The name Alfred Hitchcock isn't alien to anyone even remotely knowledgeable of the film industry. One of the most famous directors of all time and one honourably dubbed 'the master of suspense', Hitchcock's 50+ films have set numerous quality standards in Hollywood and his own style and choices have left a huge impact on their outcome. Interestingly, Hitchcock (well, along with 2012's The Girl) marks the first time the legendary filmmaker has been given his own theatrical biopic - poor box office takings and mixed reviews have made its theatrical run very short lived, but was it deserving of such disappointment?
The story centers on one of the biggest moments in Alfred Hitchcock's life - the making of Psycho, from conception to reception.

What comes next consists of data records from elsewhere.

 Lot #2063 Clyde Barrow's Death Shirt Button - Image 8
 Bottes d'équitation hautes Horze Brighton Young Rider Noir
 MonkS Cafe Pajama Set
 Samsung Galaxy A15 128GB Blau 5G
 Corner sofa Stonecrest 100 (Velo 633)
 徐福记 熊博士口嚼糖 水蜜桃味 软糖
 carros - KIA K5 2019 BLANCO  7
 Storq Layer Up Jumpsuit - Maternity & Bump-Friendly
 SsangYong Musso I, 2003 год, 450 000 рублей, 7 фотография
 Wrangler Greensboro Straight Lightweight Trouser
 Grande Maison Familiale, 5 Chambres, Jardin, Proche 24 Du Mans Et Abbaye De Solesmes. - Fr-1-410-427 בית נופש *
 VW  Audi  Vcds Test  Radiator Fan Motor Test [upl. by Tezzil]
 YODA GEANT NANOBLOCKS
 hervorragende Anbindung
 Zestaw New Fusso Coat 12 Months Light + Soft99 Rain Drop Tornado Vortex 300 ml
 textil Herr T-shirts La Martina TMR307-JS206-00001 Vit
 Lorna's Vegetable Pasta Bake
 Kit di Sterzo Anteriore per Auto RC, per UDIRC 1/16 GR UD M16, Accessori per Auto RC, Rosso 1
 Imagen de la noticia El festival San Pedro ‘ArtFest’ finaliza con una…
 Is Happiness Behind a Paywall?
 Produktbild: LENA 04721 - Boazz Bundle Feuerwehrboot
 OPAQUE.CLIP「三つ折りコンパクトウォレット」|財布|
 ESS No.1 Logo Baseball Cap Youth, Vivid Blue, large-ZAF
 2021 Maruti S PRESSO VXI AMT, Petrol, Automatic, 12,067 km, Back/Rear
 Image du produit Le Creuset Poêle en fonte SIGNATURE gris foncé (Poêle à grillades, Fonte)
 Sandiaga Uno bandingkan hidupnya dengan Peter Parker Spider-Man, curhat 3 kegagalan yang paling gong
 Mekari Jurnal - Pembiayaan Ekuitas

Hitchcock (Anthony Hopkins) acquires the rights to the relatively unknown novel by Robert Bloch, but his controversial choice of source material prompt the executives at Paramount Pictures to cease funding the project and pay only for distribution. A keen Hitchcock mortgages his house to provide a decent production budget, but the film continues to struggle alongside the director himself, who fears his wife (Helen Mirren) may be having an affair. The endless stress during production puts his life in jeopardy, but as it comes closer to completion, light emerges at the end of the tunnel. Come on, I'm not spoiling, you know Pyscho made shitloads of money. Right?
The man himself is undoubtedly difficult to portray. Alfred Hitchcock has such a unique appearance that anyone can recognize him immediately; his somewhat calm, slow and authoritative manner of speaking is something equally as iconic. How can someone capture this to a T? Anthony Hopkins in a fat suit surely isn't enough? Well, yes it is. Hopkins completely becomes not only a Hitchcock lookalike but a seemingly perfect clone right down to this mannerisms and voice. He speaks in the same calm and iconic accent with ease and provides a witty charm which Hitchcock was always known for. He steals the limelight with such a fantastic performance, but isn't the only one driving it; Helen Mirren is equally as strong as Hitchcock's troubled wife Alma and Scarlett Johansson (OMG YES) is just as fitting for her role as Janet Leigh, the famous leading lady of Psycho.
Hitchcock takes pride in bringing depth to its characters which makes for a narrative full of heart and complexity. The image of Hitchcock is examined beyond his role as a lover of violence or beautiful blonde women; even these aforementioned ideas are explored as conflicting flaws in his life and not things to judge him for. It works as a character driven story and one explorative of a mans love for his career that sometimes cannot be restrained. It's a bit slow in areas and admittedly not consistently insightful - it inevitably sacrifices some factual depth for entertainment, but this is perhaps a good thing to some. I enjoyed it and that's good enough for me!